Coconut and Blueberry Bircher Muesli Recipe

Makes 2 litres – enough for 6-8 breakfasts

Make ahead: The oats need to be soaked at least an hour ahead but may be soaked overnight, then mixed with the yoghurt and kept, covered, for up to three days in the fridge. The compote will be fine for three days in the fridge.

Ingredients

200g rolled oats
500ml coconut water
45g white chia seeds
50g shredded coconut
500g natural yoghurt
50g honey
200g blueberries (frozen are fine)
Juice and zest of one orange
40g white sugar
To serve: toasted walnuts, flaked almonds, pepitas and/or sunflower seeds

Method

Place the oats in a stainless steel bowl or a plastic tub with a lid. Mix through the chia seeds and shredded coconut then cover with coconut water. Place in the fridge, covered, and leave for at least an hour or overnight.
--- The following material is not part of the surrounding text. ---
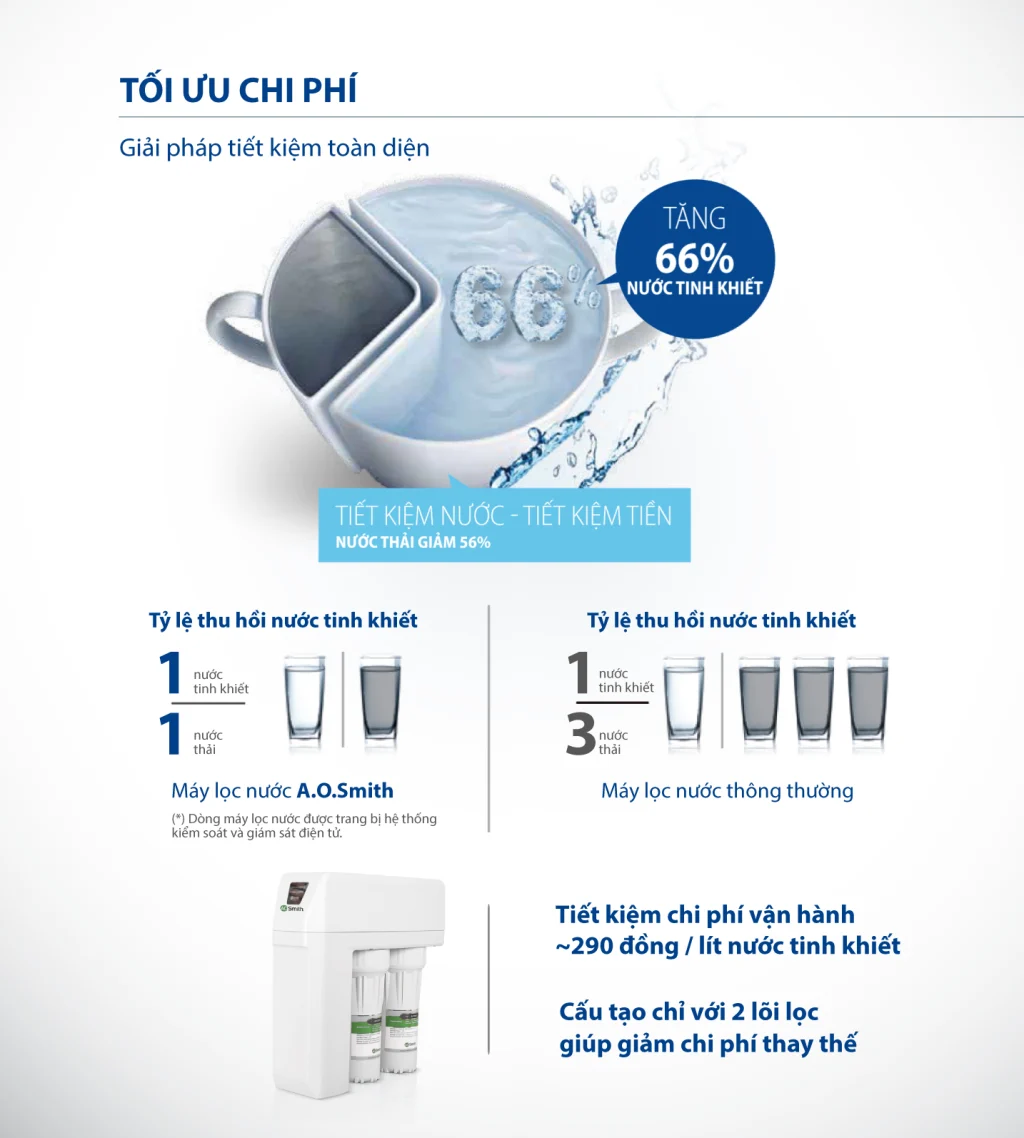 Máy lọc nước AO Smith R400E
Meanwhile, place the blueberries, orange zest, juice and sugar in a small saucepan over a gentle heat. Cook until the liquid surrounding the berries thickens and becomes syrupy but don’t let the blueberries break down – you want them to retain their shape. Take off the heat and cool before refrigerating, covered.

When the oats have soaked, stir through the yoghurt and honey - you can now keep this muesli for a few days in the fridge or use it straight away.

Serve the bircher muesli topped with the compote and sprinkled with toasted nuts and/or seeds.